- REQUIRED WORK -
Below are the entries. Print only the lines starting at the one with "coperta in microfibra" and ending at the one with "54 lbs Round", exactly, with no pictures.

- DATA TO PROCESS -
========

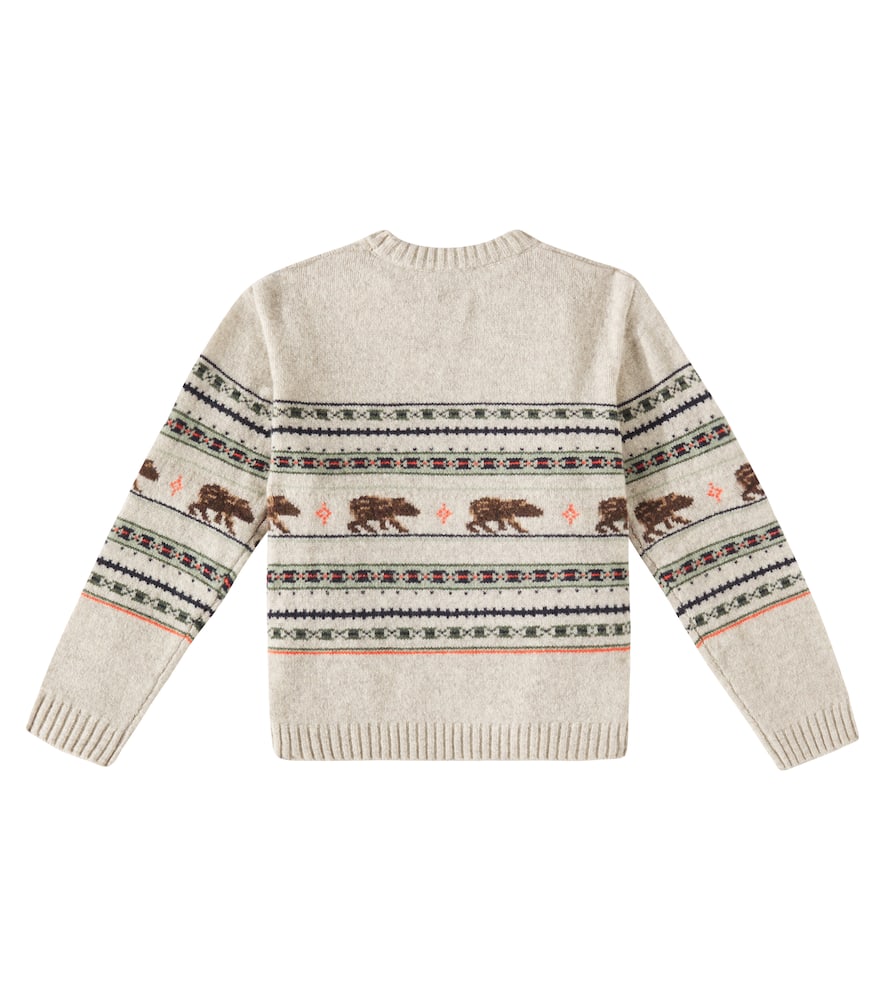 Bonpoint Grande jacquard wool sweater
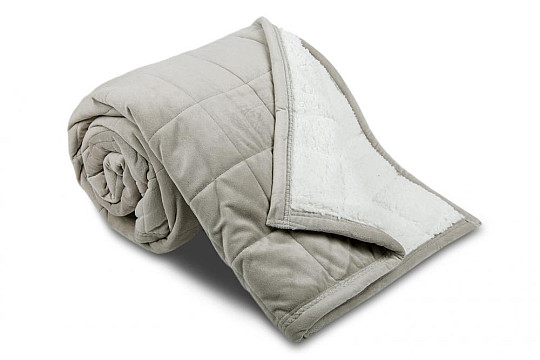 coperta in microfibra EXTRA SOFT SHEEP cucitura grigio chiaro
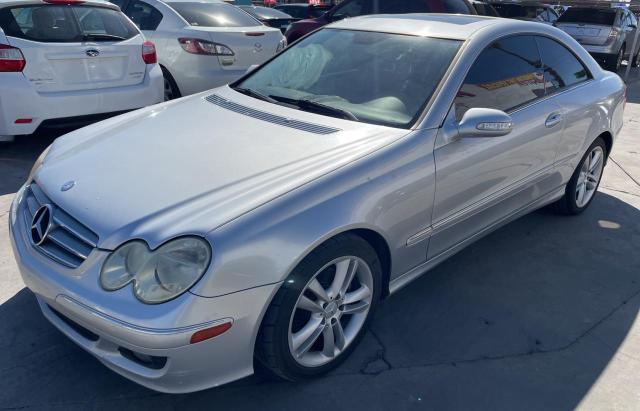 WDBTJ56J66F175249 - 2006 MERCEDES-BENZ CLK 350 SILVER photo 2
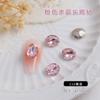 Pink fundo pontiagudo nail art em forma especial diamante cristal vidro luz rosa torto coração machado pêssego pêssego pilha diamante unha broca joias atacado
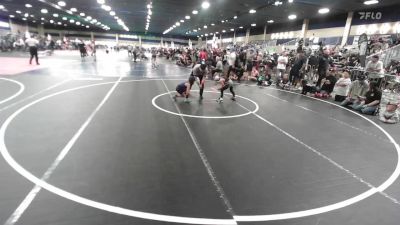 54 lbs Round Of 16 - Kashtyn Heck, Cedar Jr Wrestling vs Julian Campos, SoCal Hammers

========

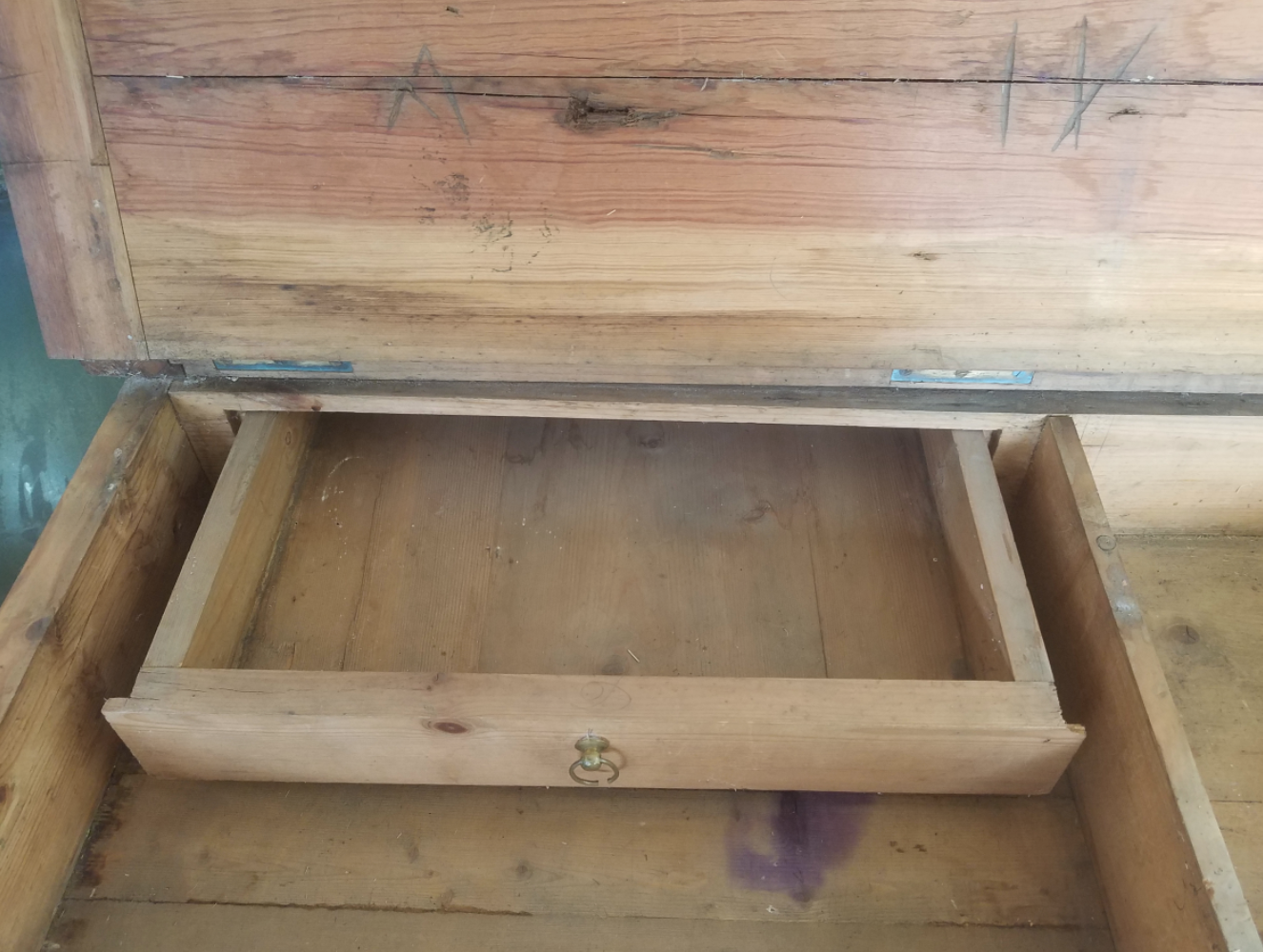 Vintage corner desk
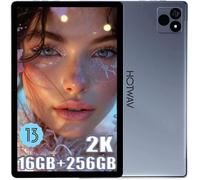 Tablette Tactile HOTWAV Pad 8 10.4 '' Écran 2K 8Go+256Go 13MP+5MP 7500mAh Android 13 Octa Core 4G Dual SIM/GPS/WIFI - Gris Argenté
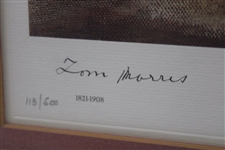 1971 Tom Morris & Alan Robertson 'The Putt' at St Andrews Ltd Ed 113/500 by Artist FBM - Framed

========

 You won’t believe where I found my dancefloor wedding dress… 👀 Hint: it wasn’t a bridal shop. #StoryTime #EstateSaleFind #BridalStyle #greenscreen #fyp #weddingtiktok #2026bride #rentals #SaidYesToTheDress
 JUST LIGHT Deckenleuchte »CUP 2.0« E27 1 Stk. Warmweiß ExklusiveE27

========

- RESPONSE AREA -
 coperta in microfibra EXTRA SOFT SHEEP cucitura grigio chiaro
 WDBTJ56J66F175249 - 2006 MERCEDES-BENZ CLK 350 SILVER photo 2
 Pink fundo pontiagudo nail art em forma especial diamante cristal vidro luz rosa torto coração machado pêssego pêssego pilha diamante unha broca joias atacado
 54 lbs Round Of 16 - Kashtyn Heck, Cedar Jr Wrestling vs Julian Campos, SoCal Hammers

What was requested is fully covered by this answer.